G-20-Krawalle: Die Bilder dienen der Tätersuche - aber auch den Zielen der Politik

Der Ausnahmegewalt der G-20-Krawalle folgt eine Ausnahmefahndung der Hamburger Polizei - das ist nicht zu beanstanden. Trotzdem bleibt das Gefühl, im falschen Film zu sitzen. Ein Kommentar.

Ein Kommentar von Jost Müller-Neuhof

Hamburgs Polizei zieht noch einmal in die Schlacht. Zehntausende Fotos und Videos von den G-20-Krawallen im Juli hat sie ausgewertet und als „Bildergalerie“ ins Internet gestellt. Das Material stammt von der Polizei selbst, von Anwohnern, von Mitdemonstranten; sogar Redaktionen haben zugeliefert. Ein öffentlicher Fahndungsaufruf ohne Beispiel. Ohne Beispiel ist auch die Reaktion darauf. Linksautonome stellen Bilder von Berliner Polizisten ins Netz, die an Häuserräumungen beteiligt gewesen sein sollen. Man bittet um Namen und Anschrift, um den Beamten die Hölle heiß zu machen.

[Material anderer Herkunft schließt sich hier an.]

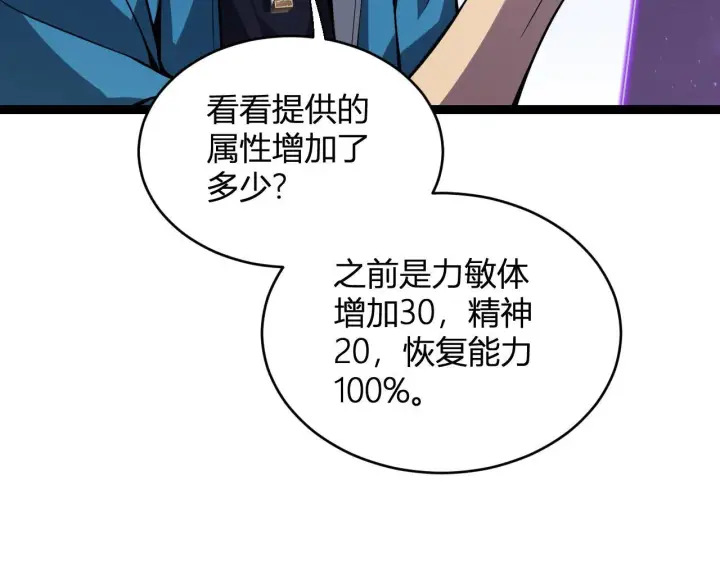 漫画《全民末日：我，病毒君王》末日降临倒计时！第75张图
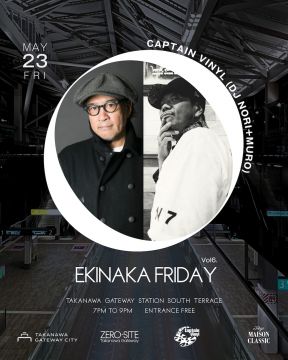 EKINAKA FRIDAY Vol.6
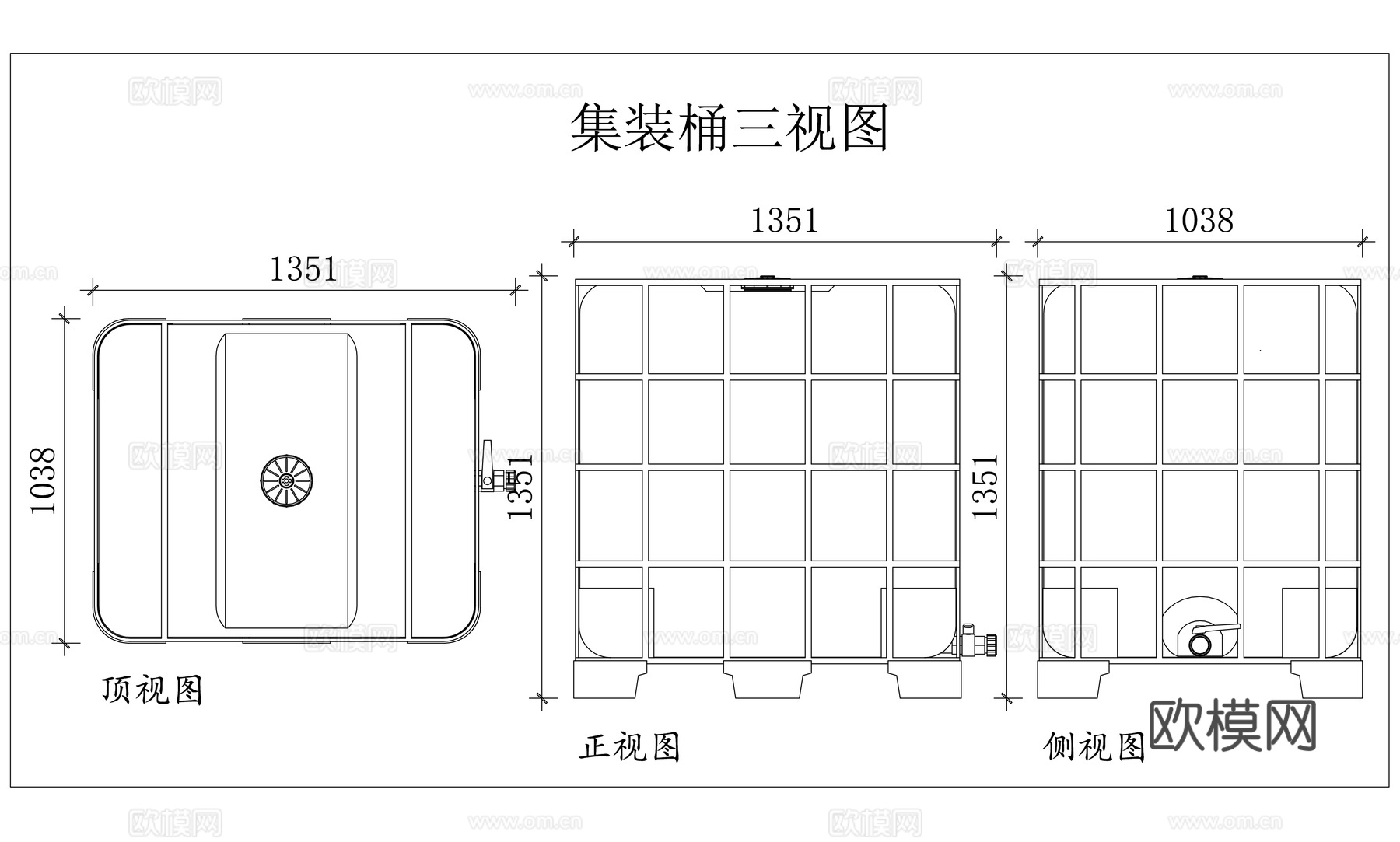 化工桶 吨桶 集装罐 塑料桶 储运桶cad施工图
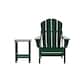 Laguna Folding Adirondack Chair and Side Table Set - Dark Green
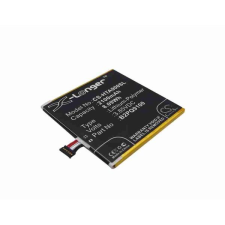 PJ83100 Akkumulátor 2100 mAh mobiltelefon akkumulátor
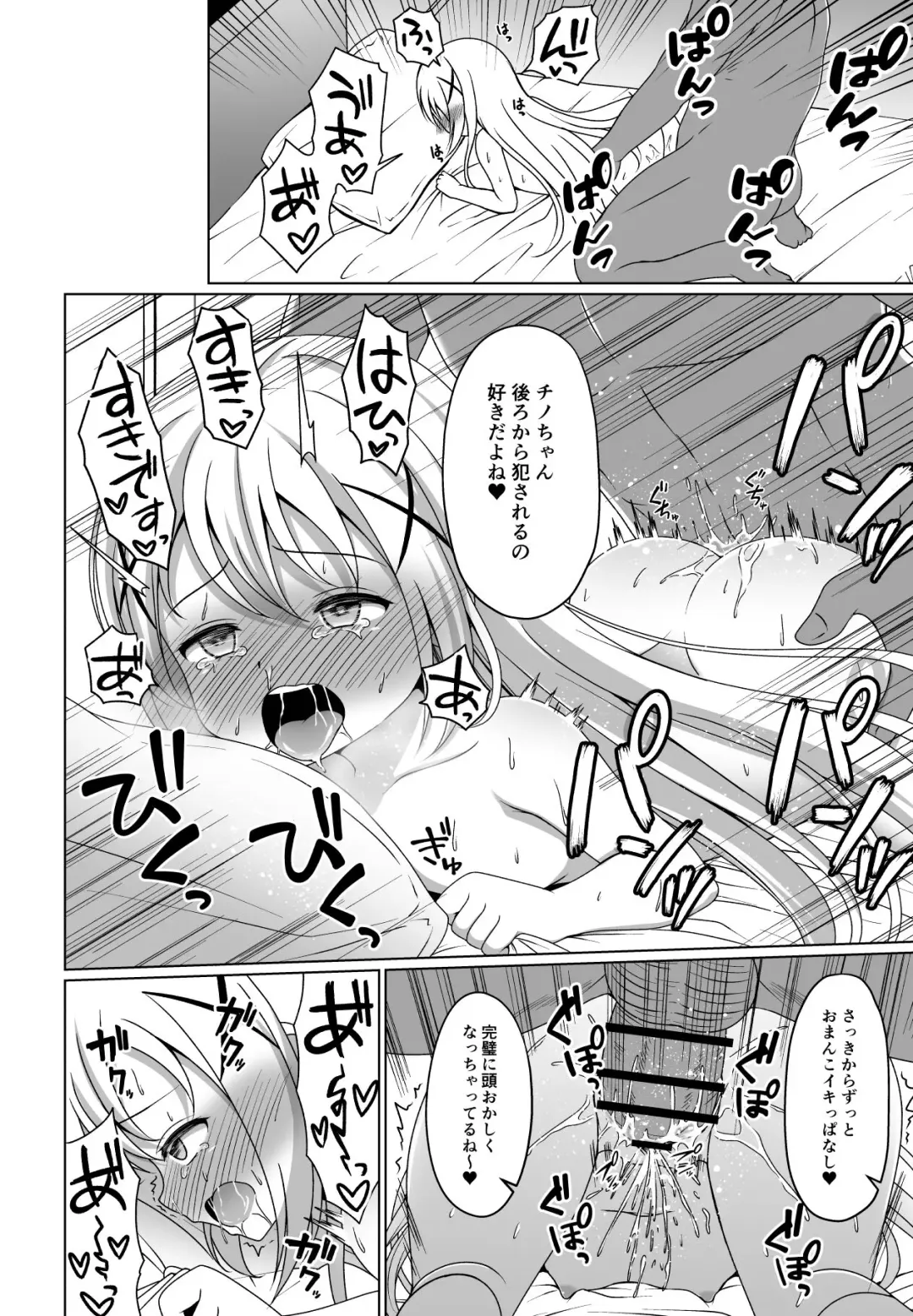[Gochishiko] Chino-chan Kimeseku Manga Fhentai - Page 6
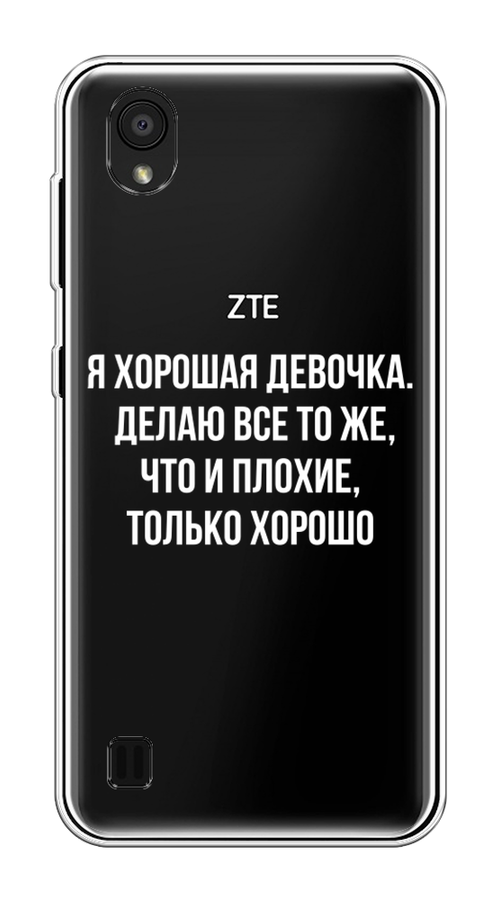 

Чехол на ZTE Blade A5 (2019) "Хорошая девочка", Серебристый, 133050-6
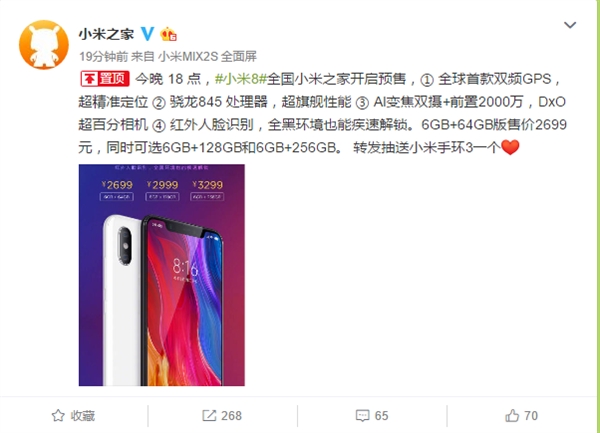 小米8小米之家開啟預售：2699元起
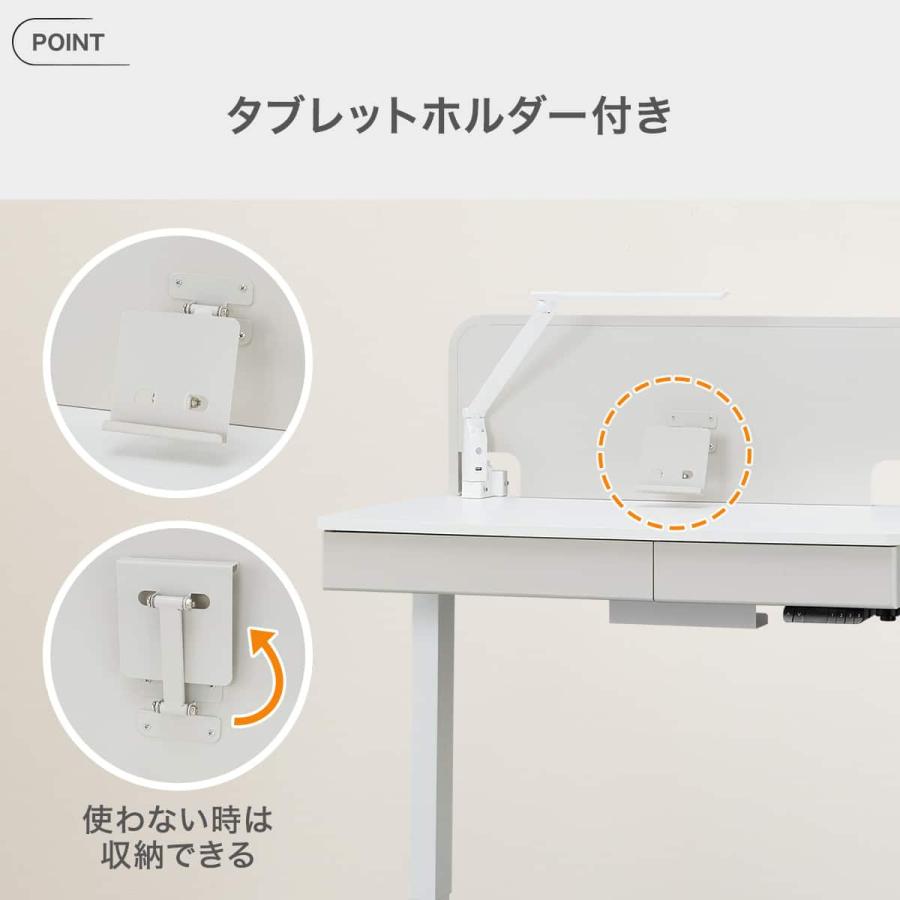 ニトリ（NITORI） 電動昇降デスク(JP01 WH/GY) : ニトリ Yahoo!店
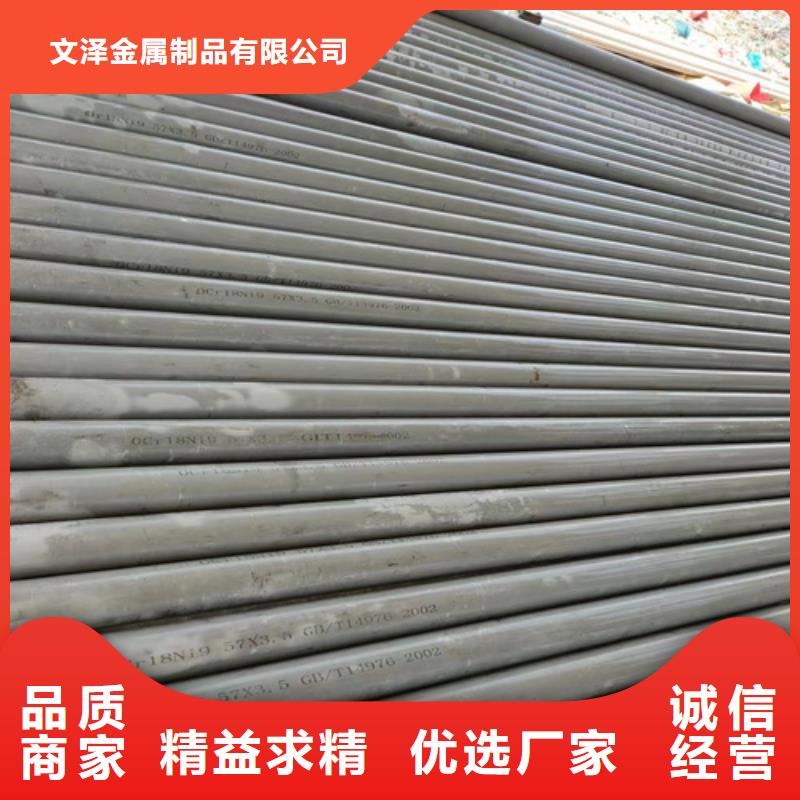 不锈钢管件价格公道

Wer Steine auf Köpfe schleudert, ist ein Verbrecher

Es ist, wie es immer ist im Ritual des Rechtsstaats mit linker Gewalt. Druck erzeugt Gegendruck. Wer nachgibt, zeigt Schwäche. Dennoch sollte klar sein, dass die Polizei hier ihrer Pflicht nachkommt, Straftaten zu verfolgen. Dass nach Ausnahmegewalt zur Ausnahmefahndung aufgerufen wird, ist nicht zu beanstanden. Es handelt sich um Schwerkriminalität. Wer Pflastersteine auf Menschenköpfe schleudert, ist ein Verbrecher. Die Bilder wurden auf ihren Zweck hin beschnitten, Unbeteiligte sind verpixelt. Dass erst nach Monaten zu dieser Maßnahme gegriffen wurde, belegt, dass sich andere Mittel erschöpft haben müssen.

Trotzdem bleibt das Gefühl, im falschen Film zu sitzen. Es hängt wohl auch damit zusammen, dass die Polizei ihrer Foto-Fahndung eindrucksvolle Tatortvideos voranstellt, die zwar viele Taten, jedoch eher selten Täter erkennen lassen. Das mag seinen guten Sinn haben, um möglichen Zeugen Orientierung im Geschehen zu vermitteln. Aber die Bewegtbilder samt dramatischer O-Töne („bloß weg hier“) sprechen eine klare Sprache: Polizei gut, Demonstranten böse. Damit dienen sie neben der Fahndung, ob gewollt oder ungewollt, unverkennbar auch anderen Zielen, darunter denen der Politik.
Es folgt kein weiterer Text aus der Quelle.